What the task asks.
Everything from the line holding "Australian Black Opal" through the last line of the data, and nothing else, should be retyped exactly, with no pictures.

Materials provided.
-----

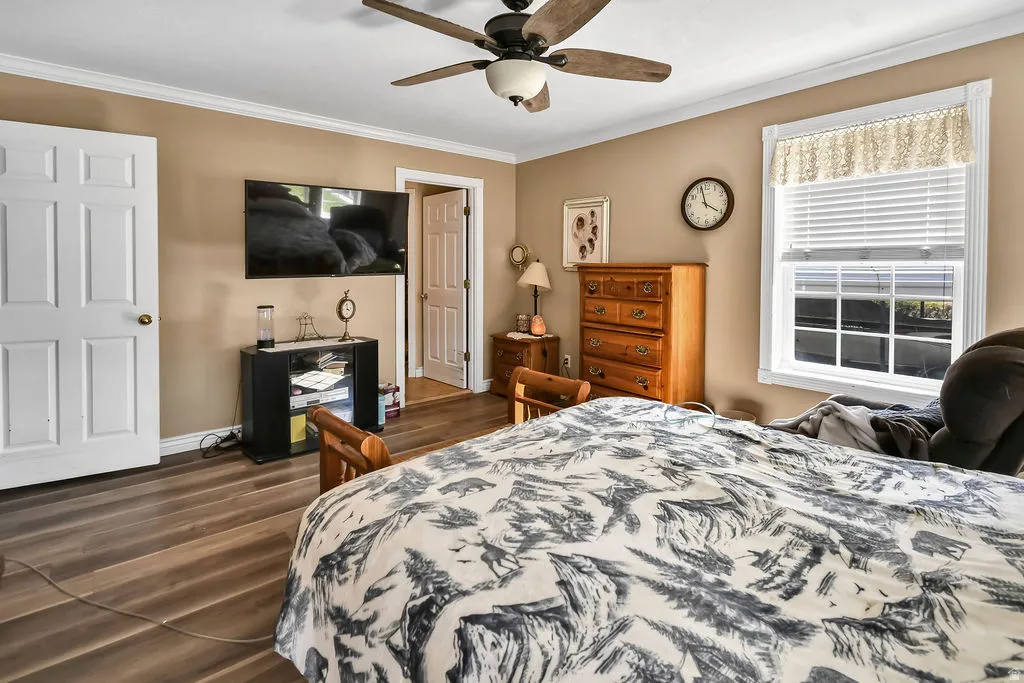 Bedroom with dark wood-type flooring, ornamental molding, and a ceiling fan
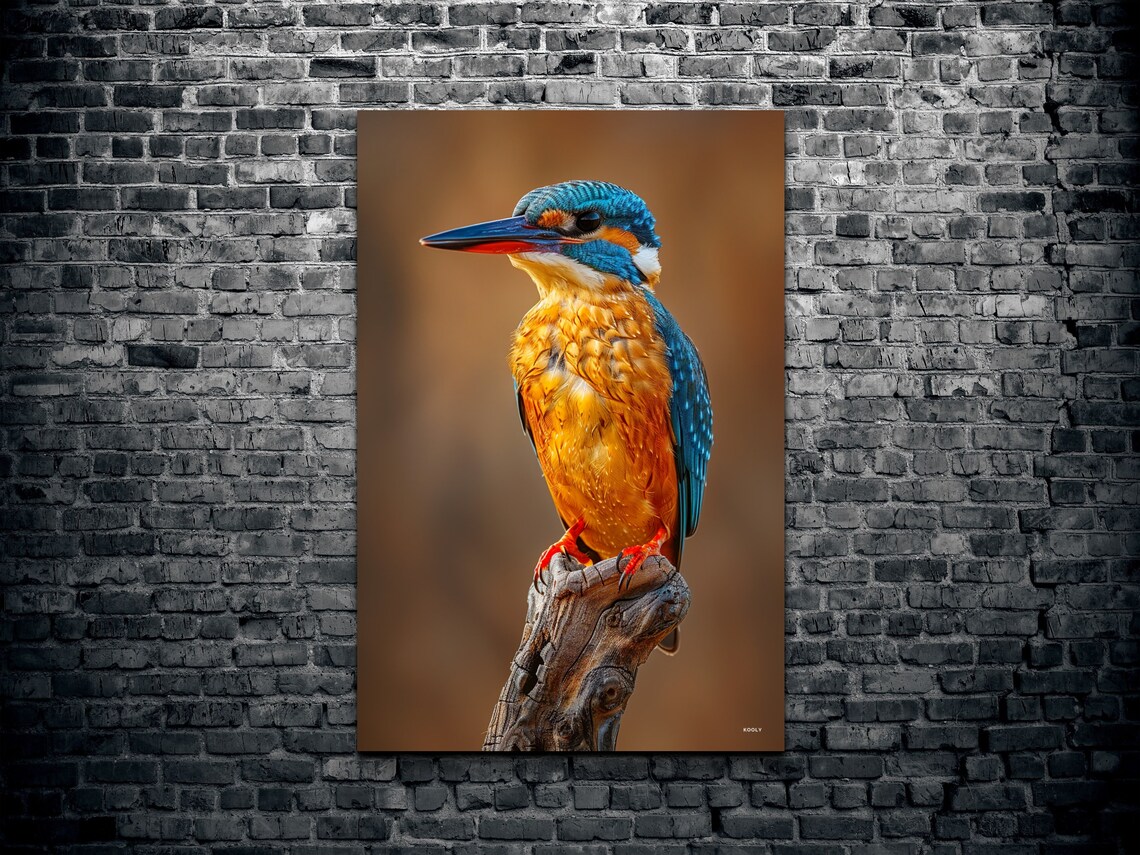 Namibia Malachite Kingfisher Art Print, Bird Nature - Image 2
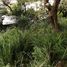  Terreno (Parcela) en venta en Cuernavaca, Morelos, Cuernavaca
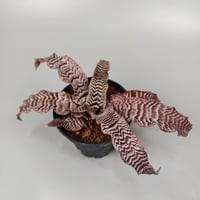 Cryptanthus 'Silver Zones' Bromeliad Cultivar Register (2146)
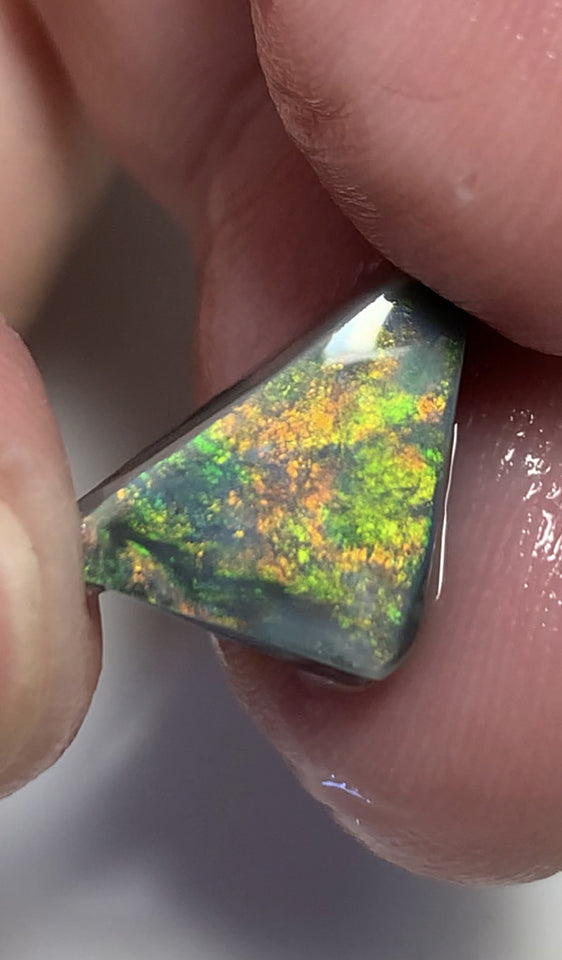 Australian Black Opal Rough Rub GEM GRADE 6.2cts Mulga® Field of Grawin Bright and Vibrant MultiFires Top Notch!!! WSC699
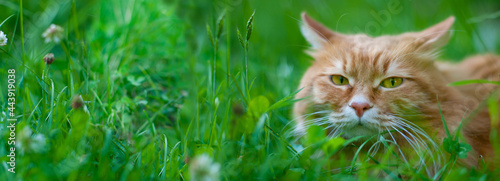 Red cat sitting in a green grass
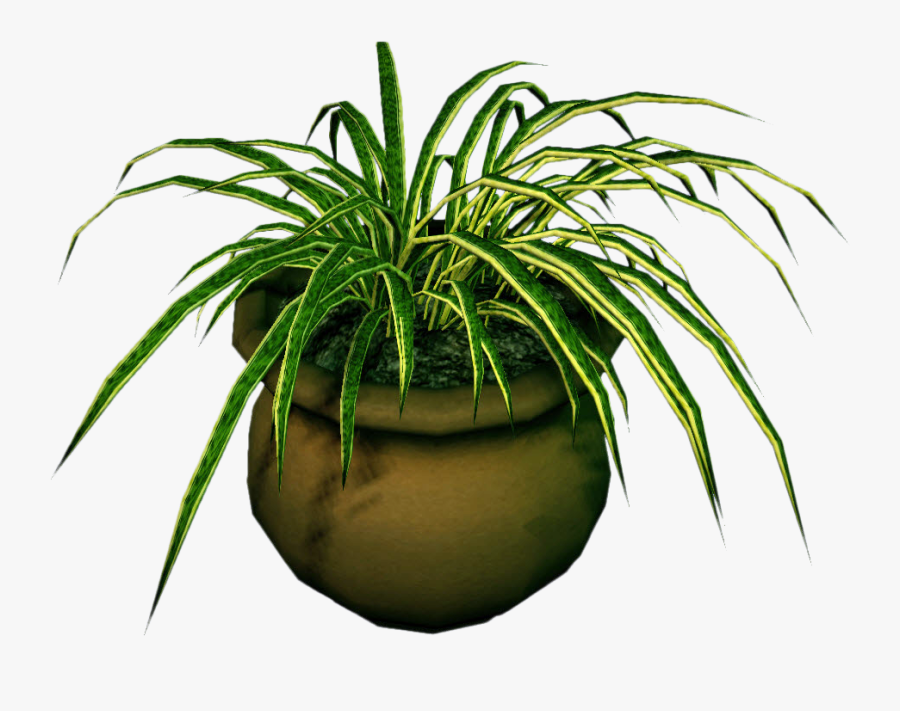 Transparent Marijuana Plant Clipart - Grass, Transparent Clipart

-----

Answer space.
 Australian Black Opal Rough Rub GEM GRADE 6.2cts Mulga® Field of Grawin Bright and Vibrant MultiFires Top Notch!!! WSC699
 Red cat sitting in a green grass
 Transparent Marijuana Plant Clipart - Grass, Transparent Clipart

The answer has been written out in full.